# Your goal:
Copy exactly the stretch of data below from the line with "Imbracatura Per Cani" through the line with "Gants longs fox ranger femme rose", including both of those lines.

# Data to use:

--- --- ---

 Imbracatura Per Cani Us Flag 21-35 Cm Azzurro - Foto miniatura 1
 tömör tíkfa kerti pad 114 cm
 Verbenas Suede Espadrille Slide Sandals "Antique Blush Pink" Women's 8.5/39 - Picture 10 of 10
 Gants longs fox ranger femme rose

--- --- ---

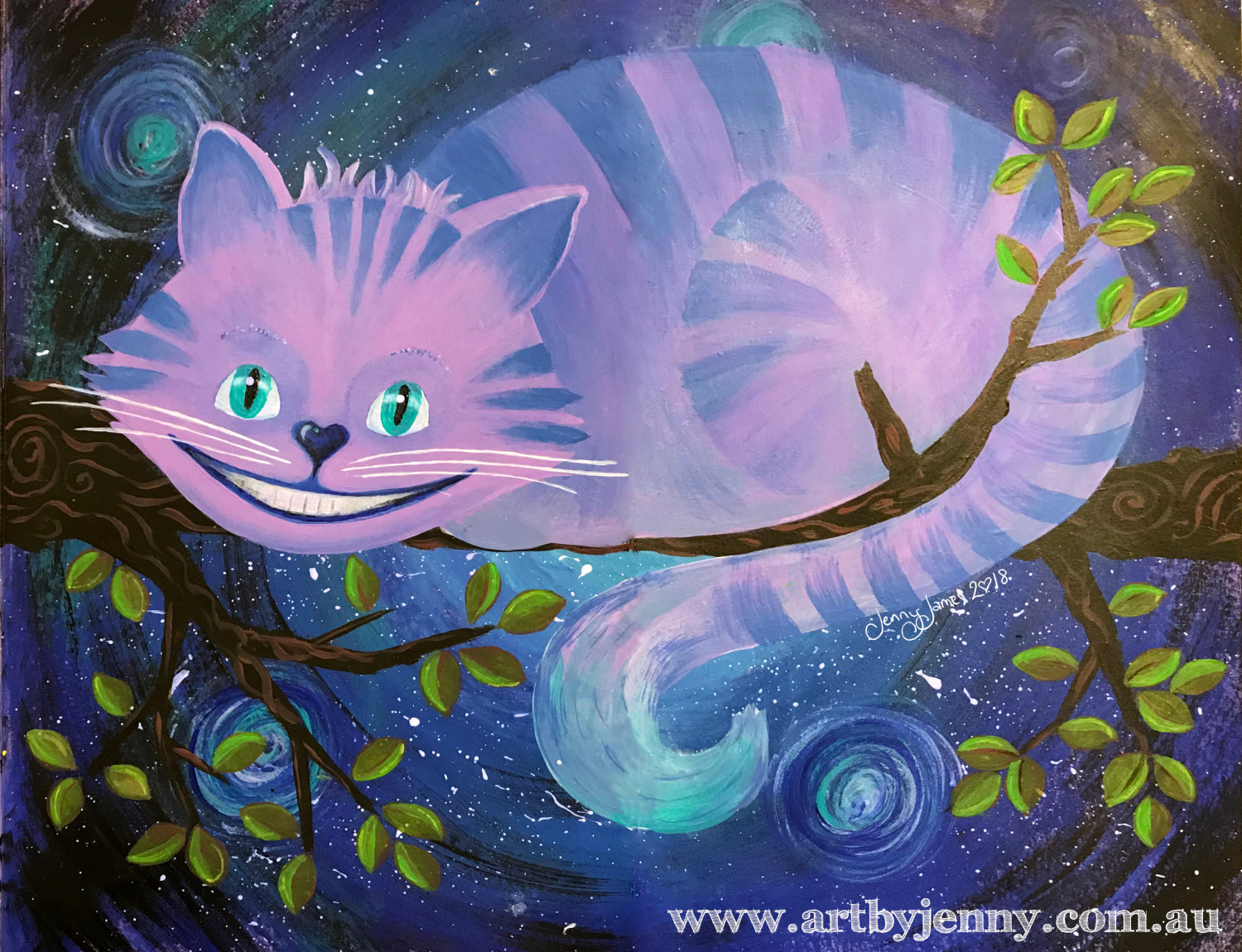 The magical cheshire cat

--- --- ---

# Task answer:
 Imbracatura Per Cani Us Flag 21-35 Cm Azzurro - Foto miniatura 1
 tömör tíkfa kerti pad 114 cm
 Verbenas Suede Espadrille Slide Sandals "Antique Blush Pink" Women's 8.5/39 - Picture 10 of 10
 Gants longs fox ranger femme rose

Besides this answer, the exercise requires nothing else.